笔记本将引导你使用一个优化提示,以更符合 Markdown 格式的方式输出内容。

%pip install --upgrade mlflow databricks-sdk dspy openai
dbutils.library.restartPython()

使用 MLflow make_judge

MLflow 的最新版本的 make_judge允许你使任何法官迎合你的特定用例。

from mlflow.genai.judges import make_judge

# Create a scorer for customer support quality
markdown_output_judge = make_judge(
    name="markdown_quality",
    instructions=(
        "Evaluate if the answer in {{ outputs }} follows a markdown formatting and accurately answers the question in {{ inputs }} and matches {{ expectations }}. Rate as high, medium or low quality"
    ),
    model="databricks:/databricks-claude-sonnet-4-5"
)

用于映射反馈的目标函数

法官提供的反馈需要映射到优化器可以使用的数值。 优化器还包含来自法官的反馈。

你需要一个函数来提供此映射回优化器。

def feedback_to_score(scores: dict) -> float:
    """Convert feedback values to numerical scores."""
    feedback_value = scores["markdown_quality"]
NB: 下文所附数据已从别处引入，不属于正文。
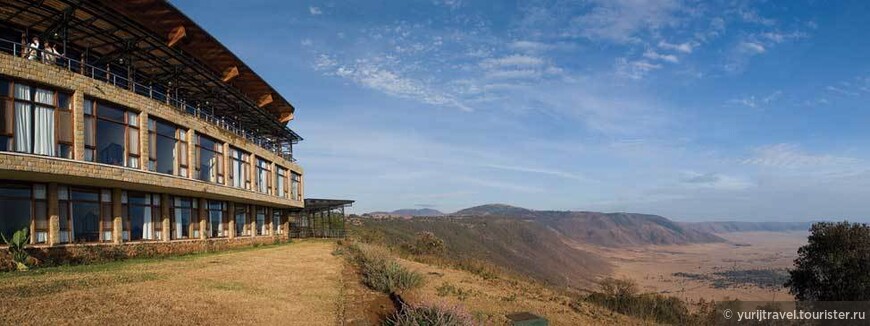 Ngorongoro Wildlife Lodge стоит прямо на краю кратера вулкана Нгоронгоро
    # Map categorical feedback to numerical values
    feedback_mapping = {
        "high": 1.0,
        "medium": 0.5,
        "low": 0.0
    }

    # Handle Feedback objects by accessing .value attribute
    if hasattr(feedback_value, 'value'):
        feedback_str = str(feedback_value.value).lower()
    else:
        feedback_str = str(feedback_value).lower()

    return feedback_mapping.get(feedback_str, 0.0)

测试模型

可以按原样测试此模型。 在以下示例中,模型不以 Markdown 格式输出。

import mlflow
import openai
from mlflow.genai.optimize import GepaPromptOptimizer
from databricks_openai import DatabricksOpenAI

# Change this to your workspace catalog and schema
catalog = ""
schema = ""
prompt_location = f"{catalog}.{schema}.markdown"
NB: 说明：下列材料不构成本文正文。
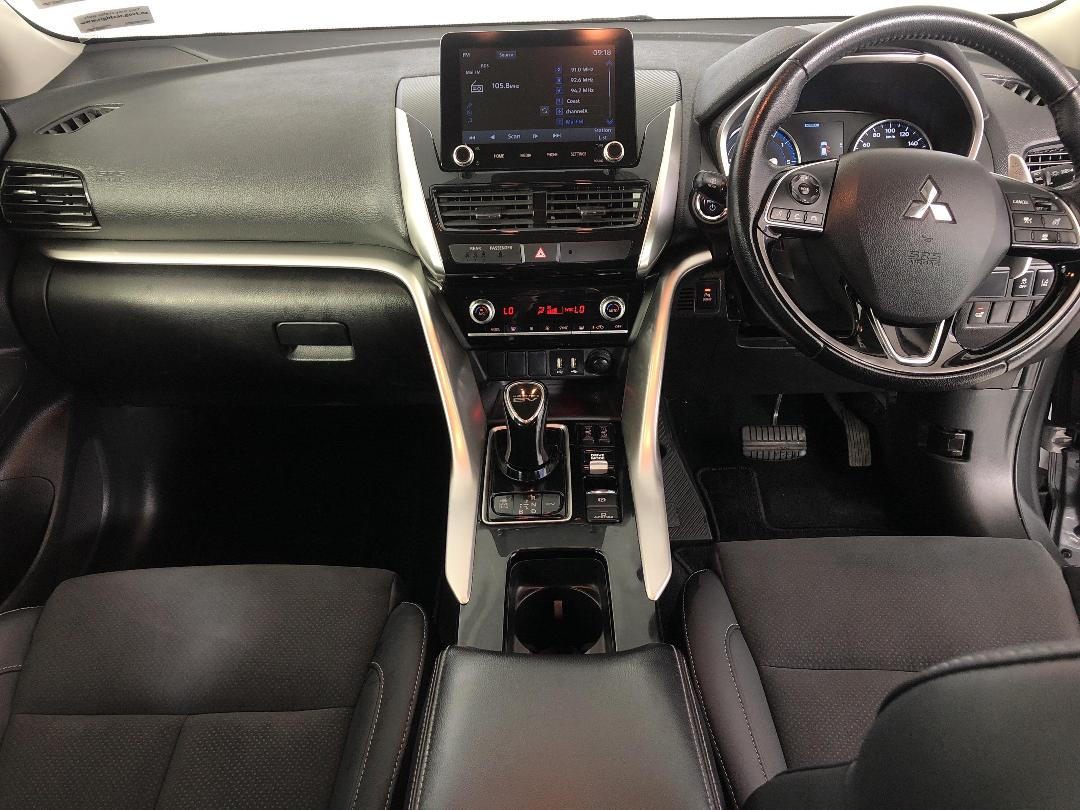 Photo '17' of Mitsubishi Eclipse Cross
openai_client = DatabricksOpenAI()

# Register initial prompt
prompt = mlflow.genai.register_prompt(
    name=prompt_location,
    template="Answer this question: {{question}}",
)

# Define your prediction function
def predict_fn(question: str) -> str:
    prompt = mlflow.genai.load_prompt(f"prompts:/{prompt_location}/1")
    completion = openai_client.chat.completions.create(
        model="databricks-gpt-oss-20b",
        messages=[{"role": "user", "content": prompt.format(question=question)}],
    )
    return completion.choices[0].message.content
from IPython.display import Markdown

output = predict_fn("What is the capital of France?")
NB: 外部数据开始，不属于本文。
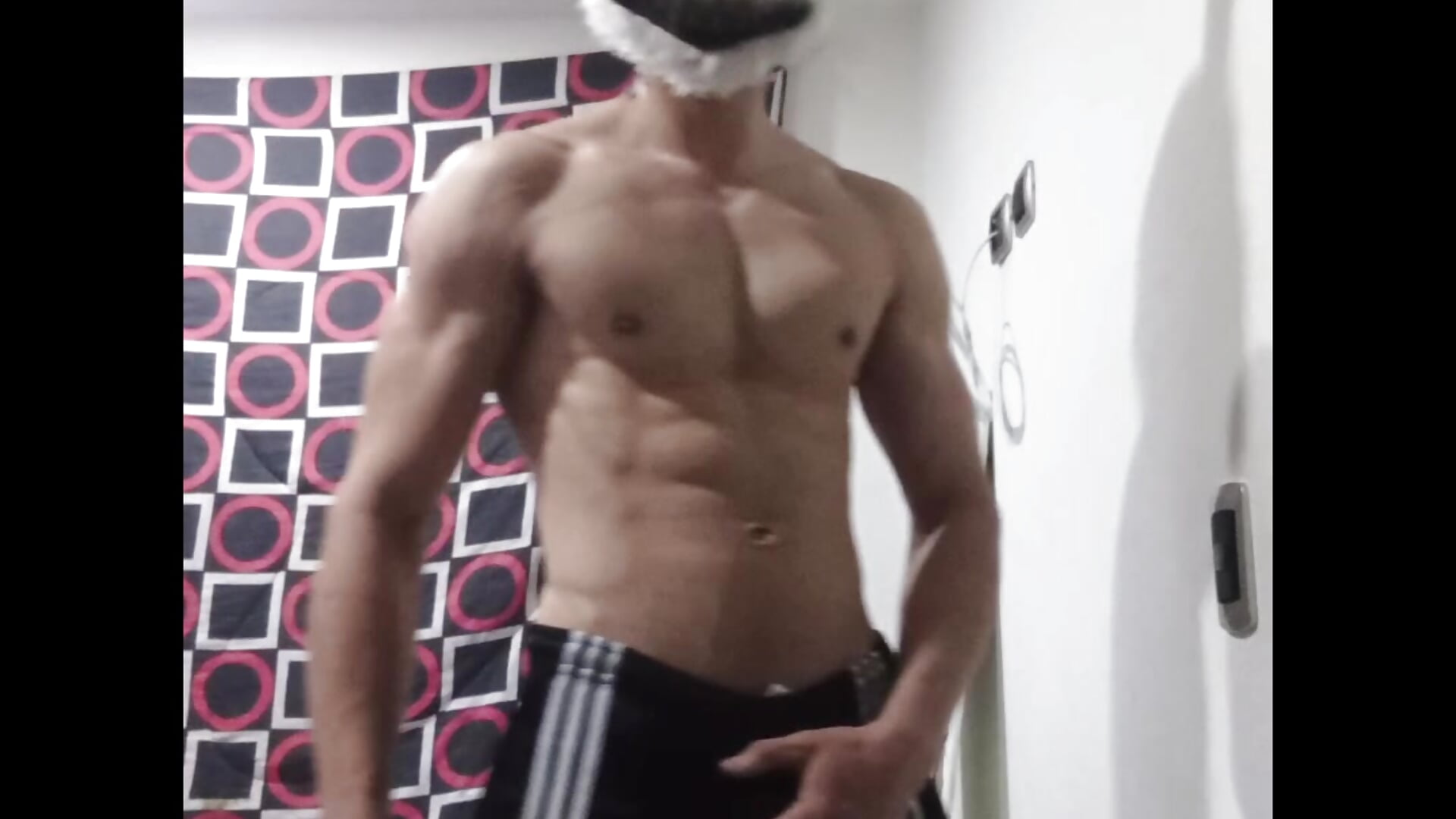 Un poco de mi progreso 3 meces de gym 😝 - video by Happy_rabbith cam model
Markdown(output[1]['text'])

运行优化器

提供了一些示例数据。

# Training data with inputs and expected outputs
dataset = [
    {
        # The inputs schema should match with the input arguments of the prediction function.
        "inputs": {"question": "What is the capital of France?"},
        "expectations": {"expected_response": """## Paris - Capital of France

**Paris** is the capital and largest city of France, located in the *north-central* region.

### Key Facts:
- **Population**: ~2.2 million (city), ~12 million (metro area)
- **Founded**: 3rd century BC
- **Nickname**: *"City of Light"* (La Ville Lumière)

### Notable Landmarks:
1. **Eiffel Tower** - Iconic iron lattice tower
2. **Louvre Museum** - World's largest art museum
3. **Notre-Dame Cathedral** - Gothic masterpiece
4. **Arc de Triomphe** - Monument honoring French soldiers

> Paris is not only the political center but also a global hub for art, fashion, and culture."""},
    },
    {
        "inputs": {"question": "What is the capital of Germany?"},
        "expectations": {"expected_response": """## Berlin - Capital of Germany

**Berlin** is Germany's capital and largest city, situated in the *northeastern* part of the country.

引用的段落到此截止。